En plus, on sent que Fabien Galthié a un plan, qu’il sait où il veut aller. Mais la défaite en quart de finale de Coupe du monde l’a fragilisé aux yeux du grand public. La claque reçue contre l’Irlande l’année dernière après le Mondial a aussi marqué les esprits. Ensuite, il y a eu une victoire contre le Pays de Galles, mais face à une équipe en reconstruction. Forcément, ça amène des interrogations. Mais c’est aussi très français, dès qu’il y a un accroc, de tout remettre en question.

Alors, faut-il tout jeter ? Non, bien sûr que non. Par le passé, on a souvent voulu tout changer trop vite, et ça nous a plus desservis qu’autre chose. Il faut avoir confiance en cette équipe. Son pourcentage de victoires reste impressionnant, seuls les Irlandais font mieux sur les dernières années. Au final, on est toujours jugé sur les résultats. Si la France relance la machine et concrétise ses occasions, comme celles manquées contre l’Angleterre, il n’y aura plus de débat.

Donc non, pas besoin d’allumer un incendie. Il faut de la patience. Et souvent, la patience finit par payer.

Pourquoi si peu de soutien pour l’Angleterre ?

Côté anglais, j’ai été assez surpris. J’étais à Twickenham la semaine dernière, et franchement, derrière cette équipe anglaise, je ne sentais pas une énorme confiance. Ce qui m’a marqué, c’est qu’aucune des personnes avec qui j’ai pu discuter ne voyait l’Angleterre gagnante. Personne.

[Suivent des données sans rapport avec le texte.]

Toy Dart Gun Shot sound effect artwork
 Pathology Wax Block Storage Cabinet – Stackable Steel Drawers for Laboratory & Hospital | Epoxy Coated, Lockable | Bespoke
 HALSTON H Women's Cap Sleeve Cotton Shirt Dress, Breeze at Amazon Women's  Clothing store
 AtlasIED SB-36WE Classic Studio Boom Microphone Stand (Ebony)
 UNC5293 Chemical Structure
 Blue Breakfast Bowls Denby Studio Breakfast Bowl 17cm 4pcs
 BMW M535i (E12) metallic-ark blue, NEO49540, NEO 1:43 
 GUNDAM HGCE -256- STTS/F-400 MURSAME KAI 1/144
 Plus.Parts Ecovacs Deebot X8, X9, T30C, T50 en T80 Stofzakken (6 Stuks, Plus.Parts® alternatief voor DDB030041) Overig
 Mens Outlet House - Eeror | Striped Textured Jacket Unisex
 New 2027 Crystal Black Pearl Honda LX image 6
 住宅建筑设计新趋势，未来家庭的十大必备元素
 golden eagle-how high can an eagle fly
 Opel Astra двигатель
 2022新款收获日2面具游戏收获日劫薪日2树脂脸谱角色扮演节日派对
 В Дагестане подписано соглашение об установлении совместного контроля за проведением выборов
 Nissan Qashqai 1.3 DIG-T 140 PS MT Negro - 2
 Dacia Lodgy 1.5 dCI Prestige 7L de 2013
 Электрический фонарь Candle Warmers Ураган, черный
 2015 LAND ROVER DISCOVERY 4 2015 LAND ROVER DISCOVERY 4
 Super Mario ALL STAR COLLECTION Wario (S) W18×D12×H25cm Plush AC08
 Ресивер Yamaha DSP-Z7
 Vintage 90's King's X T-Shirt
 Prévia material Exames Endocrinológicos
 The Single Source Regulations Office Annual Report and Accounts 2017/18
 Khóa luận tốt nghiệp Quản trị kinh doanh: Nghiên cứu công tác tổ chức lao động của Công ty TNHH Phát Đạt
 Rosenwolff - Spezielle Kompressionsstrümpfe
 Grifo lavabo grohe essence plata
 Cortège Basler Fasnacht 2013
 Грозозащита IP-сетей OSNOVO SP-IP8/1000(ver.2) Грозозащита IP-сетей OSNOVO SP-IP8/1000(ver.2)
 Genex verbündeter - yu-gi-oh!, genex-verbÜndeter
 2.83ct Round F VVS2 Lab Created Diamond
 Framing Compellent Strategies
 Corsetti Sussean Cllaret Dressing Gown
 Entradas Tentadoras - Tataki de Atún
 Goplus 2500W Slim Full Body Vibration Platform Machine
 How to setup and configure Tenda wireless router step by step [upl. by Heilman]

J’étais assis à côté de Ben Youngs, et je lui disais : « Franchement, je vois la France s’imposer. » Pour moi, l’Angleterre restait encore dans une phase de transition. Mais je lui ai aussi dit que ce qui pouvait leur donner un avantage, c’est qu’ils craignent désormais les Français plus qu’avant. Et quand tu crains un adversaire, ça te transcende. Moi, par exemple, quand je jouais contre l’Angleterre au Stade de France, ça me transcendait parce que c’était une équipe que je redoutais.

Ce qui était frappant aussi, c’était l’état d’esprit des supporters anglais. Il y avait de la frustration, presque de la résignation. Certains se disaient : « Bon, on va tenir 40 minutes ou 60 comme la semaine dernière… » Il y avait un fatalisme qu’on ne voyait pas avant chez eux.

Mais au final, cette victoire contre la France pourrait marquer un tournant pour l’Angleterre. Le soulagement des joueurs après le match était incroyable. J’ai rarement vu les Anglais célébrer une victoire comme ça, eux qui ont d’habitude une culture où gagner, c’est juste normal. Même les supporters étaient soulagés, pas euphoriques, mais soulagés.

Je pense que ce match peut être un déclic pour eux. À voir s’ils confirment sur les prochaines rencontres, mais il y a peut-être un renouveau qui se dessine.

Mathieu Bastareaud a effectué 40 offloads et récupéré 29 ballons durant sa carrière dans le Tournoi des Six Nations, un total inégalé sur la même période dans ces deux catégories. Il détient également le record du plus grand nombre de défenseurs battus par un trois-quarts centre, avec 63 unités.